Delta encoding means you encode the delta (difference) between each number and the next:
67497, 67376, 67173, 67235, 67057, 67031, 66951, 66974, 67042, 67025, 66897, 67077, 67082, 67033, 67019, 67149, 67044, 67012, 67220, 67239, 66893, 66984, 66866, 66693, 66770, 66722, 66620, 66579, 66596, 66713, 66852, 66715
would turn into:
[Base: 67497]: -121, -203, +62
and so on. Assuming 8-bit bytes, the original numbers require 3 bytes apiece (and given the number of compilers with 3-byte integer types, you're normally going to end up with 4 bytes apiece). From the looks of things, the differences will fit quite easily in 2 bytes apiece, and if you can ignore one (or possibly two) of the least significant bits, you can fit them in one byte apiece.

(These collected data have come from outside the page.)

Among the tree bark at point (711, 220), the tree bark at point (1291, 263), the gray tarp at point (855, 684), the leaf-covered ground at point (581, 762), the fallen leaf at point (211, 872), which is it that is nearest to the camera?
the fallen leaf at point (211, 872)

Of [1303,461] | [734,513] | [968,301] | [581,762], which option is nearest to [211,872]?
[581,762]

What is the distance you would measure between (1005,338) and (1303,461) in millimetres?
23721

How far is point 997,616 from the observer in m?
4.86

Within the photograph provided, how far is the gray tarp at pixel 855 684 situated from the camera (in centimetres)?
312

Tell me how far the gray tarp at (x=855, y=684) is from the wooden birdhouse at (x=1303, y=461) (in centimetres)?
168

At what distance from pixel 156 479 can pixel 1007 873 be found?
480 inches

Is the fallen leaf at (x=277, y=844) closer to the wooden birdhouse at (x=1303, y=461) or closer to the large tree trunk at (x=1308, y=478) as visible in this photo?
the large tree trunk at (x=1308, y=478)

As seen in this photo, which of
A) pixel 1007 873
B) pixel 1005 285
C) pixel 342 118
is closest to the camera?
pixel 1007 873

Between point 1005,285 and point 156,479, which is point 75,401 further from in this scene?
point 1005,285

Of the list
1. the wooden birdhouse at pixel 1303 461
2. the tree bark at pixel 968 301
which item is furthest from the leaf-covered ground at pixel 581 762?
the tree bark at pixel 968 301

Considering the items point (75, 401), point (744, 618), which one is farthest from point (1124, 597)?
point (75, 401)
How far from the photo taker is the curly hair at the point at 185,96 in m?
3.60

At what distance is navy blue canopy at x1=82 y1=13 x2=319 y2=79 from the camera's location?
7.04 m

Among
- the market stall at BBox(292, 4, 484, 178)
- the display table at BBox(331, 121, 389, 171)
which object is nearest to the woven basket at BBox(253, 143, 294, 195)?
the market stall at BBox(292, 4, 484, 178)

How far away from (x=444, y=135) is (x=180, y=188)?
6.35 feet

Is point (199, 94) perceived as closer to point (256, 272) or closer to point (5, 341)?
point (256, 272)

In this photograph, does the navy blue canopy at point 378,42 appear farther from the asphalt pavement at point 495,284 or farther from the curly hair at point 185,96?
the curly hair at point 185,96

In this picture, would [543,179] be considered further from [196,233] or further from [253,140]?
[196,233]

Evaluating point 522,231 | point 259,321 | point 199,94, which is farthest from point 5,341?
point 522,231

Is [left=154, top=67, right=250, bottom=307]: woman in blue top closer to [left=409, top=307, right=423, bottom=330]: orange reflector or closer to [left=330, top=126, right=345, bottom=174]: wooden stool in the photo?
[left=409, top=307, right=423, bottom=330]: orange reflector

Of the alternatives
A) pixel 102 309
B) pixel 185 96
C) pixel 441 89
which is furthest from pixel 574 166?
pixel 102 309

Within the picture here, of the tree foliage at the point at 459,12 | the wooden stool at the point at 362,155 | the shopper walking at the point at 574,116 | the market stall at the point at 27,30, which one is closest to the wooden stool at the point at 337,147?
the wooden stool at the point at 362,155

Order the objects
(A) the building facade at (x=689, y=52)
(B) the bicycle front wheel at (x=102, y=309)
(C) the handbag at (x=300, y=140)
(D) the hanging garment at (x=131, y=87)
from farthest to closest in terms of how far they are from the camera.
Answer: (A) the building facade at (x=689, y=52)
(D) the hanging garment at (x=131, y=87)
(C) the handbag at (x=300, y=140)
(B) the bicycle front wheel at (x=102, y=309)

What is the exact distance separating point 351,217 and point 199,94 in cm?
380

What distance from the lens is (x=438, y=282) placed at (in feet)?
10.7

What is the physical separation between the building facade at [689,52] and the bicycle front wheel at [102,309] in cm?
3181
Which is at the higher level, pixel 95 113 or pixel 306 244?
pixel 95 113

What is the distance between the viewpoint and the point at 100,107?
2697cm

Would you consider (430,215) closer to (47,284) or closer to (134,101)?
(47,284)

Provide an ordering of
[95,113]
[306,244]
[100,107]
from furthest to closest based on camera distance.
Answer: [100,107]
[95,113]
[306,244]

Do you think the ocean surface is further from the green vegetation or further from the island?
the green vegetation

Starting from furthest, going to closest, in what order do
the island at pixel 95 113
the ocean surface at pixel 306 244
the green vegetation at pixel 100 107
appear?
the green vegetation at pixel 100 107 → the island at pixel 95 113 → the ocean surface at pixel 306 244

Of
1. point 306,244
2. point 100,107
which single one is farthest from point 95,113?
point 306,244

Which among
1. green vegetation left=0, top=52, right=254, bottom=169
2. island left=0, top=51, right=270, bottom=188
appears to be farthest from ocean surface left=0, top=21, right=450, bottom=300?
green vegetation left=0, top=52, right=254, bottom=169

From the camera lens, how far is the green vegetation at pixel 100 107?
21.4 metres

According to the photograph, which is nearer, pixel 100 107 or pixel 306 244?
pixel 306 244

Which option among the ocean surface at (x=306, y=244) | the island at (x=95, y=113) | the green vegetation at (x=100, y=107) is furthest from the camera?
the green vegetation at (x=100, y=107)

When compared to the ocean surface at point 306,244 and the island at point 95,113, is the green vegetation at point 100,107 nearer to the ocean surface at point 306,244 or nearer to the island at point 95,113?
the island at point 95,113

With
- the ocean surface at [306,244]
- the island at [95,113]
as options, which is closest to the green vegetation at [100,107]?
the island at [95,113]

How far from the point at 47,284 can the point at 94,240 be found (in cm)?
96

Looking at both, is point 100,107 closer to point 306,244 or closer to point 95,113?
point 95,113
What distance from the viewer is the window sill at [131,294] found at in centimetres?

Delta encoding is most often used for things like sound encoding where you can "fudge" the accuracy at times without major problems. For example, if you have a change from one sample to the next that's larger than you've left space to encode, you can encode a maximum change in the current difference, and add the difference to the next delta (and if you don't mind some back-tracking, you can distribute some to the previous delta as well). This will act as a low-pass filter, limiting the gradient between samples.
For example, in the series you gave, a simple delta encoding requires ten bits to represent all the differences. By dropping the LSB, however, nearly all the samples (all but one, in fact) can be encoded in 8 bits. That one has a difference (right shifted one bit) of -173, so if we represent it as -128, we have 45 left. We can distribute that error evenly between the preceding and following sample. In that case, the output won't be an exact match for the input, but if we're talking about something like sound, the difference probably won't be particularly obvious.
I did mention that it was an exercise that I had to complete and the solution that I received was deemed not good enough, so I wanted some constructive feedback seeing as actual companies never decide to tell you what you did wrong.
When the array is compressed I store the differences and not the original values except the first as this was my understanding. If you had looked at my code I have provided a full solution but my question was how bad was it?